Minesweeper is a wonderful game. It’s a beautiful mixture of fast reflexes, quick logic, guesswork, and general problem solving skills. In addition to being a baneful time waster, it really highlighted for me the incredible way that skill-testing games can produce an altered state of high-functioning consciousness. At a certain level of skill and familiarity with the game, it can actually transform from a linear, mechanical process into something altogether more exciting, even trancelike. Play requires all sorts of cognitive abilities from the user: deductive reasoning, spatial awareness, pattern recognition, and intuition, among other things. But the aggregation of these abilities, in combination with speed and a certain quality of — yes — mindlessness, can produce an incredible mental transformation.

I’m not an extraordinary minesweeper player. My best time to date is 168 seconds on Expert, and I lose 80% of my games. Admittedly, however, I lose most often because Minesweeper suffers from a fundamental design flaw: in almost every game there are frequently occurring positions that are logically undecideable. These are situations where there is a 50/50 chance that any one of two tiles will contain a mine, and no amount of logic or head bashing will help you. The only option for these situations is to guess. Statistically, you would thus expect my lost games to average out to 50%, but don’t forget the copious human error involved (and my general lack of skill: I frequently guess for decidable positions, simply because I haven’t mastered every logical subtlety yet; moreover, I miss-click, sometimes just plain miscalculate, or fail to notice an adjoining square, and so on. In truth, I probably only get to the endgame where most 50/50 guessing positions arise about 20% of the time, which means that a 10% win ratio sounds about right).
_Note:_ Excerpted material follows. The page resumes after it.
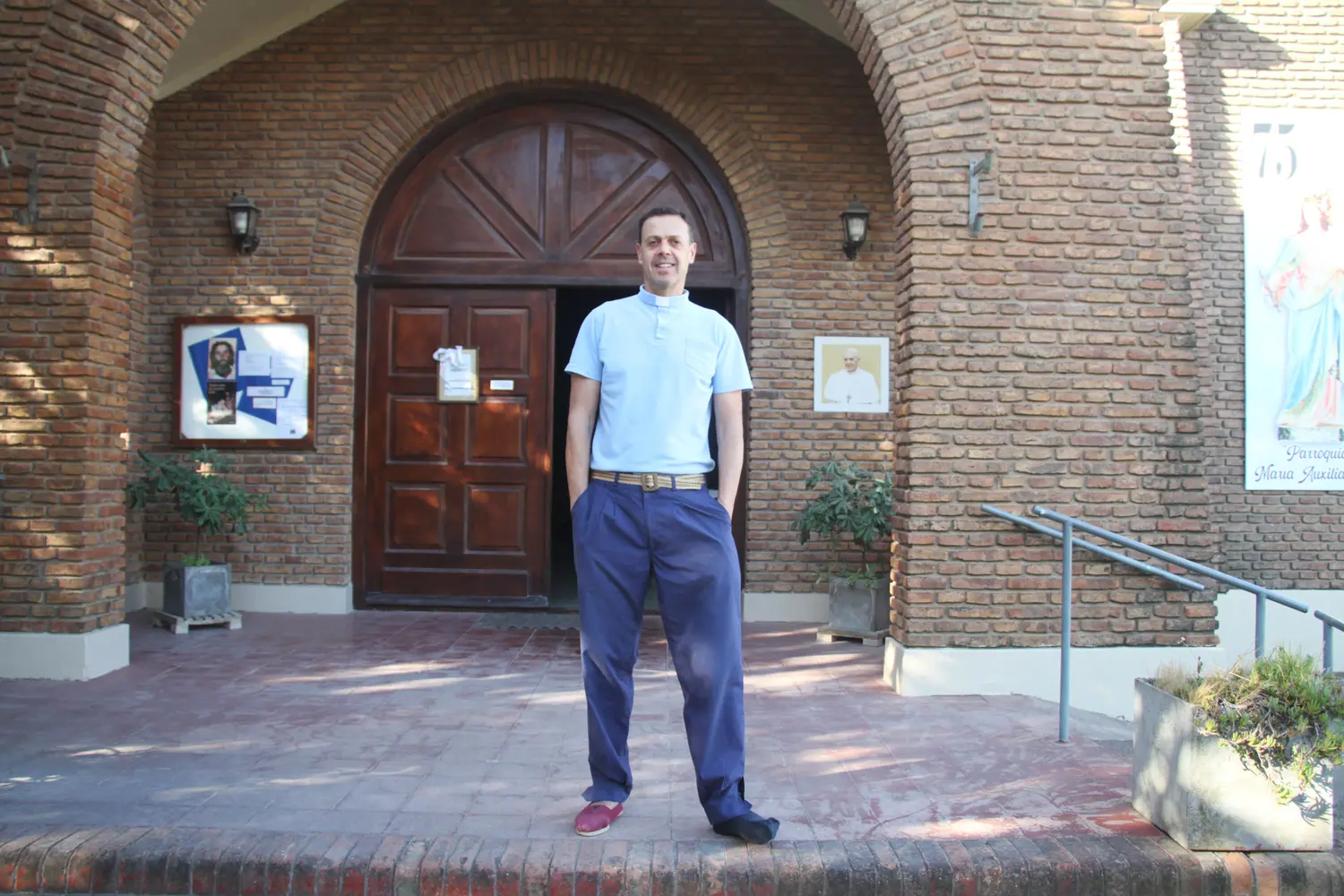 Juan Francisco Palacio Micheletto es el cura de la Parroquia María Auxiliadora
But even in games I lose, I still manage on occasion to get into an effortless mind-space that I find deeply satisfying, and one I’ll try here to explain.

Without getting overly technical, I’ll just present a few positions from a single minesweeper game to illustrate my thinking. Minesweeper is a wonderful example of a game with a steep, but clearly noticeable and measurable learning curve. When I first sat down to play I had absolutely no idea what to do, and the game seemed impossible to me. Once I understood the fundamentals, namely that the numbers on each tile represented the quantity of mines touching that tile (either adjacently or diagonally), things began to move a lot more quickly. Now this very simple rule wasn’t in the least obvious at first, and I can even recall the first few times I played experiencing a vague sense of unease, as if the numbers represented a mysterious secret or hermetic truth that I could never actually grasp, or maybe a perverse anti-logic, as if the mines moved around or required profound analytical abilities, prayer, or alchemy to locate).

The truth is that most mines are extremely easy to find. In our game, since minesweeper is designed to give you an open area on your first click, I got this nice position:

The mine in the middle is dangling down like a cherry waiting to be plucked. There’s absolutely nothing else around and it couldn’t be more obvious. Another lesson is that corners are your friends. A great deal of the automatic play that develops later is simply perceiving corners as inherently mine-heavy. Once you start thinking that way, you start carving paths around and through them in a way that seems more instinctive than logical. The real magic starts to happen when you encounter advanced positions, and solve them quickly and spontaneously as if they were also ‘geographic’. I’ll get to that in a second, but first let me update this position with the mines I know I can detect (based on my limited logical analysis) from what’s available here already.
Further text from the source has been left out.